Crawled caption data
__________

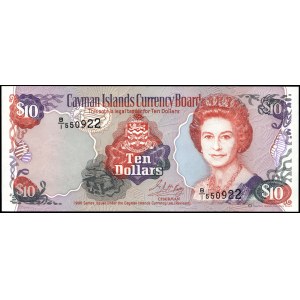 Kajmany. 10 dolarów 1996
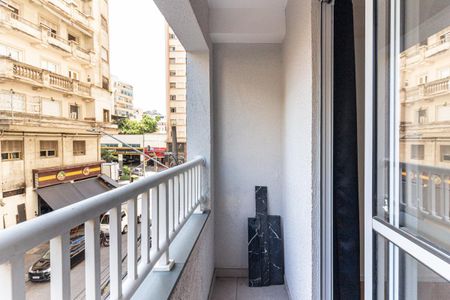 Varanda do Studio de kitnet/studio para alugar com 1 quarto, 19m² em Campos Elíseos, São Paulo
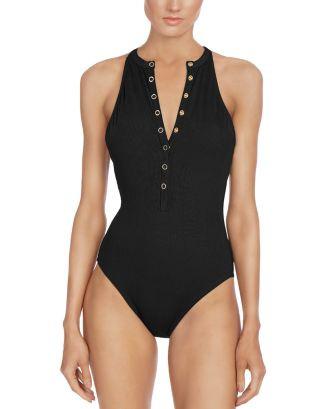 Amy Ribbed Swimsuit | Bloomingdale's (US)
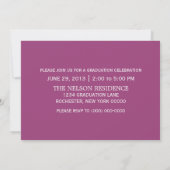 Fuchsia Classy Keys Graduation Invitation (Dos)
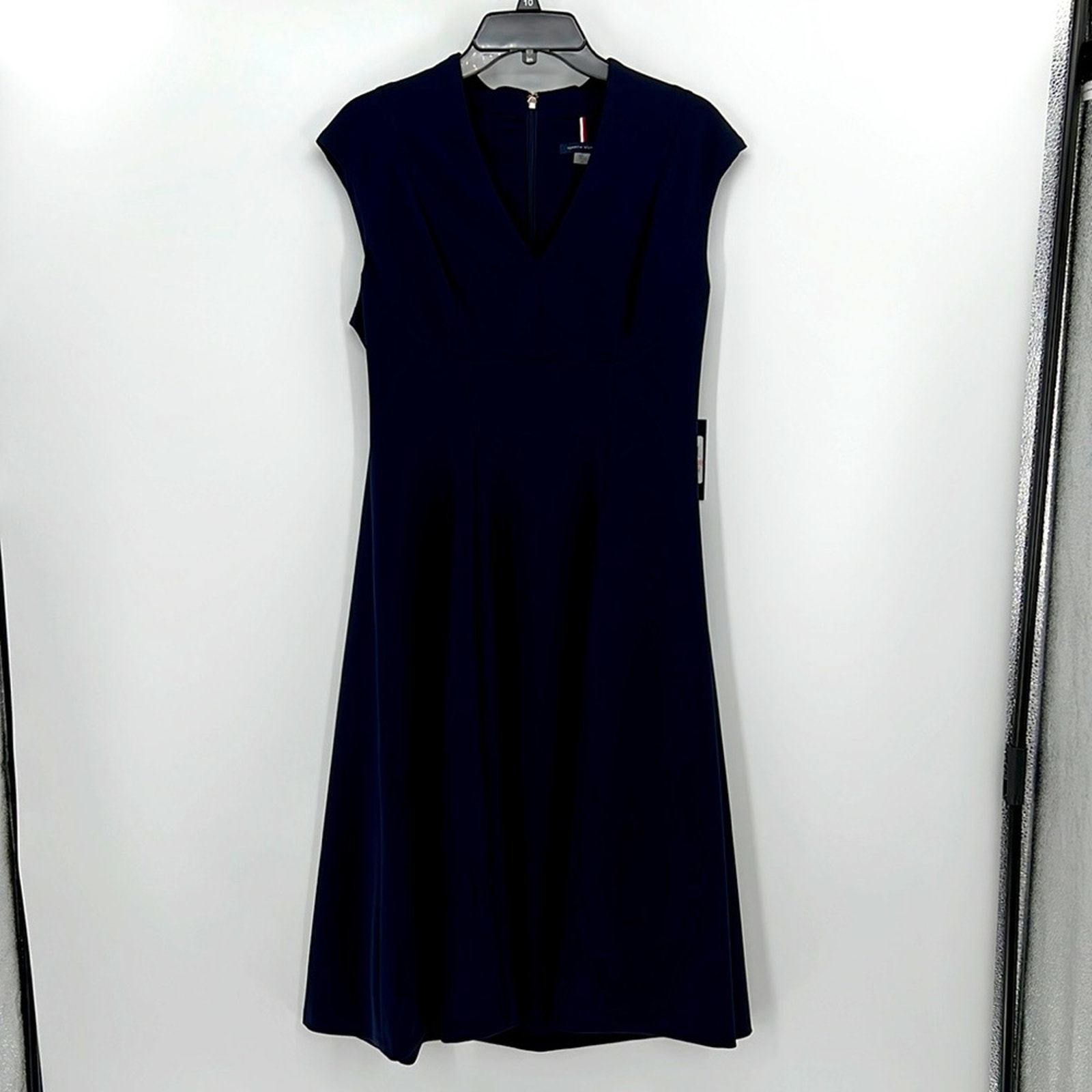 Tommy Hilfiger Scuba Fit Flare Dress - Sky Captain - 10 - New With Tags
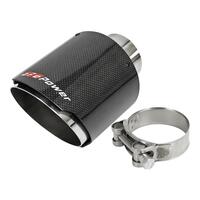 aFe MACH Force-Xp 304 SS Clamp-On Exhaust Tip 2.5in. Inlet / 4.5in. Outlet / 7in. L - Carbon Fiber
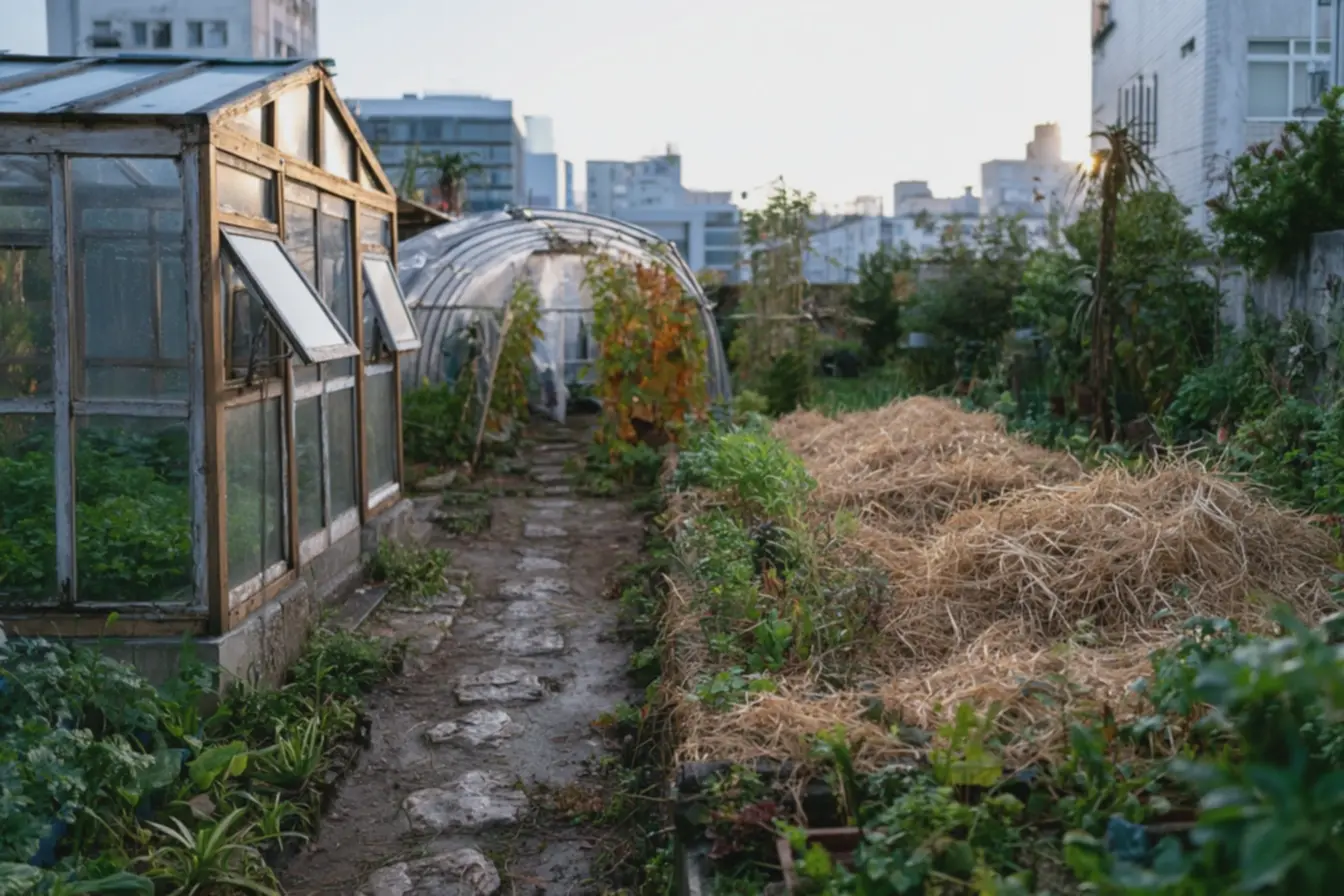 horta-protegida-no-frio-mostrando-folhas-queimadas-em-tunel-e-palha-espalhadacom-capricho Estufa, túnel ou cobertura com palha: qual a melhor proteção para a horta no frio? horta-protegida-no-frio-mostrando-folhas-queimadas-em-tunel-e-palha-espalhadacom-capricho Estufa, túnel ou cobertura com palha: qual a melhor proteção para a horta no frio?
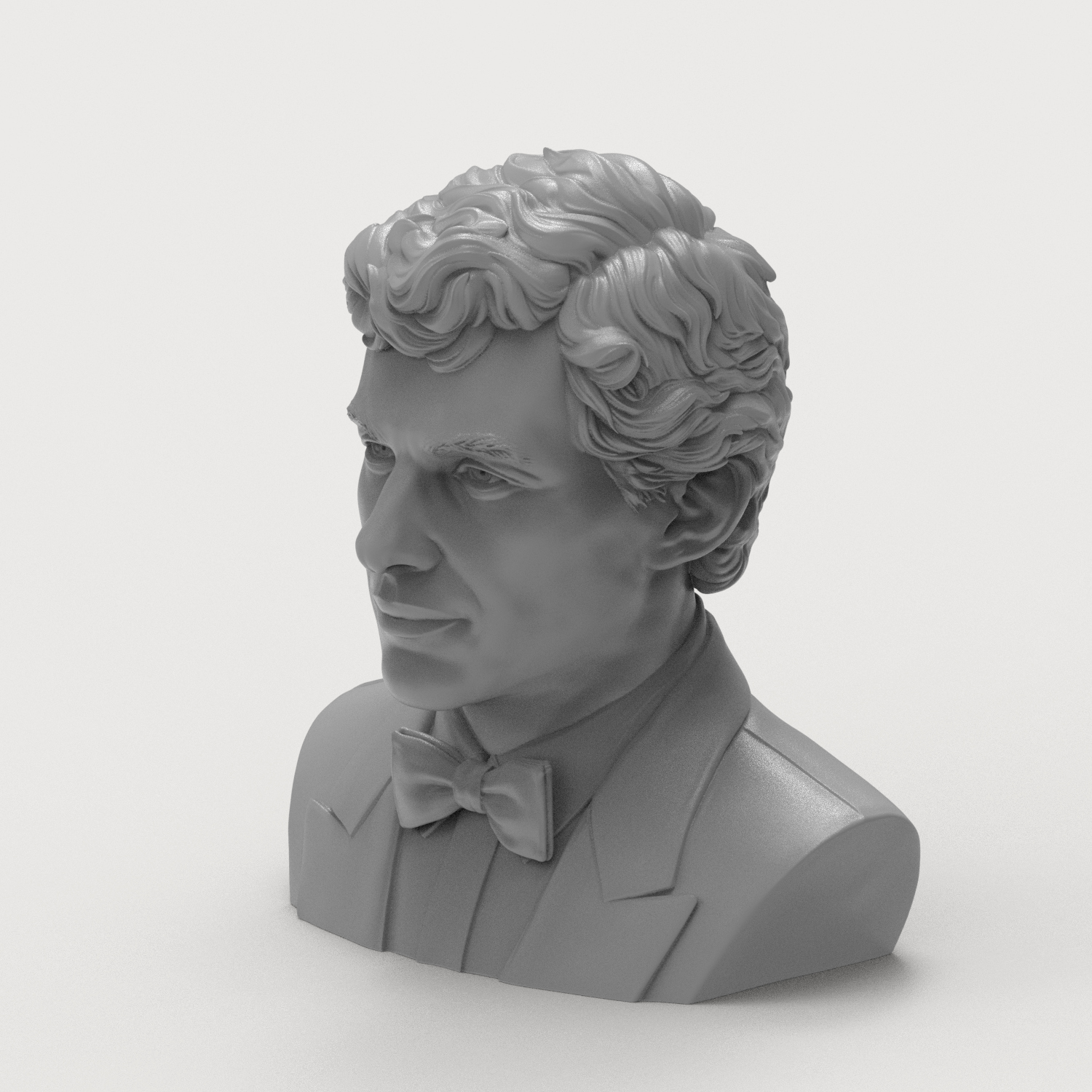 Ayrton Senna 3D Printable Bust 3D Model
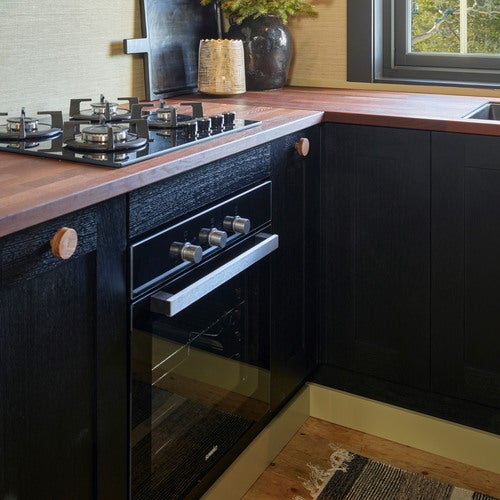 Innbyggingsovn gass Chef, sort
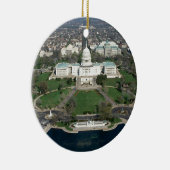 Foto 2 van Capitol Hill Aerial Keramisch Ornament (Rechts)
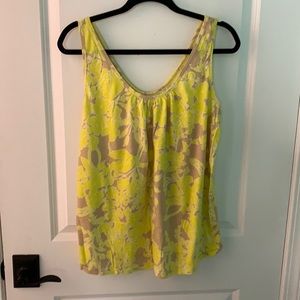 2 Old Navy Tank Tops, (1) Blue Graphic, (1) Yellow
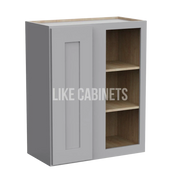 Shaker Gray 30'' H Wall Blind Cabinet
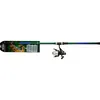 Image de Mitchell Target II Spinning Combo, Fishing Rod and Reel Combo, Predator Fishing, Ready to Fish Kits Include Rods and Reels Pre-Spooled with LinePike/Perch/Zander, Unisex, Black, 3m, 30-60g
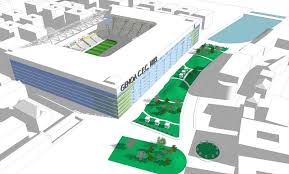 The stadio comunale luigi ferraris began life in 1911 as the campo di via del piano (also known as the campo marassi) and was then little more than a green surrounded by a horseracing track overlooked by a single stand with a gable in the middle. Stadio Luigi Ferraris Massimo Corradi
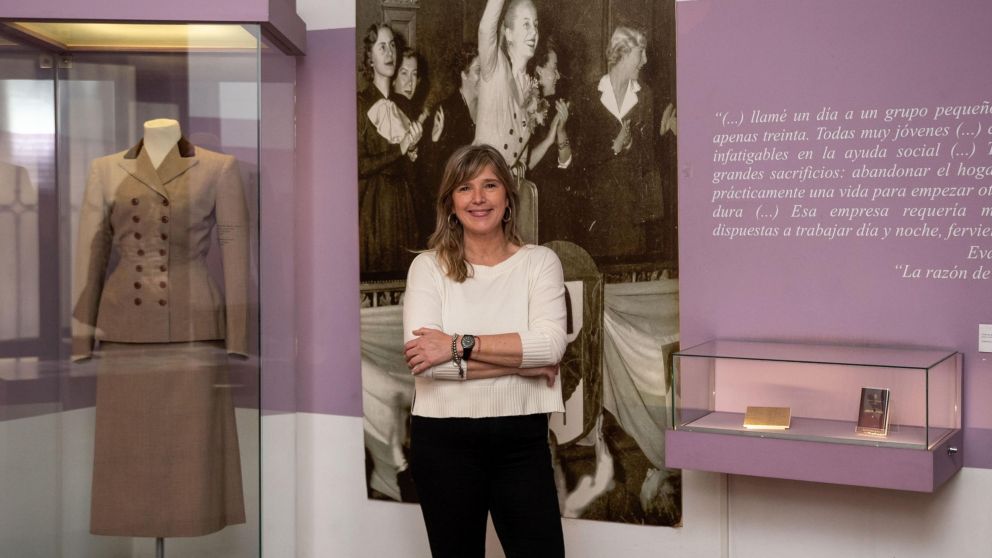 Cristina Álvarez Rodríguez, una voz más que autorizada para hablar de Evita.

__________

## What is required:
In the copy, omit the pictures and give every line of the data exactly.

## Exercise solution:
 Kajmany. 10 dolarów 1996
 Varanda do Studio de kitnet/studio para alugar com 1 quarto, 19m² em Campos Elíseos, São Paulo
 Amy Ribbed Swimsuit | Bloomingdale's (US)
 Fuchsia Classy Keys Graduation Invitation (Dos)
 Tommy Hilfiger Scuba Fit Flare Dress - Sky Captain - 10 - New With Tags
 aFe MACH Force-Xp 304 SS Clamp-On Exhaust Tip 2.5in. Inlet / 4.5in. Outlet / 7in. L - Carbon Fiber
 horta-protegida-no-frio-mostrando-folhas-queimadas-em-tunel-e-palha-espalhadacom-capricho Estufa, túnel ou cobertura com palha: qual a melhor proteção para a horta no frio? horta-protegida-no-frio-mostrando-folhas-queimadas-em-tunel-e-palha-espalhadacom-capricho Estufa, túnel ou cobertura com palha: qual a melhor proteção para a horta no frio?
 Ayrton Senna 3D Printable Bust 3D Model
 Innbyggingsovn gass Chef, sort
 Foto 2 van Capitol Hill Aerial Keramisch Ornament (Rechts)
 2 Old Navy Tank Tops, (1) Blue Graphic, (1) Yellow
 Shaker Gray 30'' H Wall Blind Cabinet
 Image de Mitchell Target II Spinning Combo, Fishing Rod and Reel Combo, Predator Fishing, Ready to Fish Kits Include Rods and Reels Pre-Spooled with LinePike/Perch/Zander, Unisex, Black, 3m, 30-60g
 The stadio comunale luigi ferraris began life in 1911 as the campo di via del piano (also known as the campo marassi) and was then little more than a green surrounded by a horseracing track overlooked by a single stand with a gable in the middle. Stadio Luigi Ferraris Massimo Corradi
 Cristina Álvarez Rodríguez, una voz más que autorizada para hablar de Evita.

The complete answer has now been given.